Personal information
- Full name: Emmanuel Kipkemei Bett
- Born: 29 March 1985 (age 40)

Sport
- Sport: Long-distance running
- Event(s): 5000 m, 10000 m, Half marathon

= Emmanuel Bett =

Kenyan long-distance runner

Emmanuel Kipkemei Bett (born 29 March 1985) is a Kenyan long-distance runner who competes in track and road running events.

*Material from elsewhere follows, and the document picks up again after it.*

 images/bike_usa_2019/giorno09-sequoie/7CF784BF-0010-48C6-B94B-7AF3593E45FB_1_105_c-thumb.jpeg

He has a 10,000-metres personal best of 26:51.16 minutes, which was the fastest time in the world in the 2012 season.

He was a latecomer to the elite level of running and made his first professional appearances in 2010. Competing in Brazil, he finished second at the Rio de Janeiro half marathon, fifth at the São Paulo 15K, and was runner-up at the Santos 10K. He competed in Europe for the first time in 2011 and made his breakthrough in the 10,000 meters track event. He placed fourth at the high-profile Memorial Van Damme and set a best of 26:51.95 minutes. This ranked him in the top ten that year. He ended the year with a win at the prestigious Zatopek 10 race in Melbourne.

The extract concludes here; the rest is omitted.